This year’s ICML had several papers which I want to read through more carefully and understand better.
- Chun-Liang Li, Hsuan-Tien Lin, Condensed Filter Tree for Cost-Sensitive Multi-Label Classification. Several tricks accumulate to give a new approach for addressing cost sensitive multilabel classification.
- Nikos Karampatziakis and Paul Mineiro, Discriminative Features via Generalized Eigenvectors. An efficient, effective eigenvalue solution for supervised learning yields compelling nonlinear performance on several datasets.
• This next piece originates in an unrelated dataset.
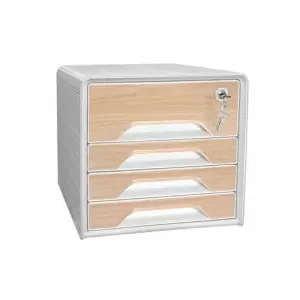CEP Silva Smoove Secure 4 Drawer Module White/Beech 1073111021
- Nir Ailon, Zohar Karnin, Thorsten Joachims, Reducing Dueling Bandits to Cardinal Bandits. An effective method for reducing dueling bandits to normal bandits that extends to contextual situations.
- Pedro Pinheiro, Ronan Collobert, Recurrent Convolutional Neural Networks for Scene Labeling. Image parsing remains a challenge, and this is plausibly a step forward.
- Cicero Dos Santos, Bianca Zadrozny, Learning Character-level Representations for Part-of-Speech Tagging. Word morphology is clearly useful information, and yet almost all ML-for-NLP applications ignore it or hard-code it (by stemming).
- Alekh Agarwal, Daniel Hsu, Satyen Kale, John Langford, Lihong Li, Robert Schapire, Taming the Monster: A Fast and Simple Algorithm for Contextual Bandits. Statistically efficient interactive learning is now computationally feasible. I wish this one had been done in time for the NIPS tutorial 🙂
- David Silver, Guy Lever, Nicolas Heess, Thomas Degris, Daan Wierstra, Martin Riedmiller, Deterministic Policy Gradient Algorithms. A reduction in variance from working out the deterministic limit of policy gradient make policy gradient approaches look much more attractive.
Edit: added one that I forgot.
Aren’t you an author of paper #5?
Yep.
Don’t underestimate the joys of reading through your own paper more carefully and understanding it better.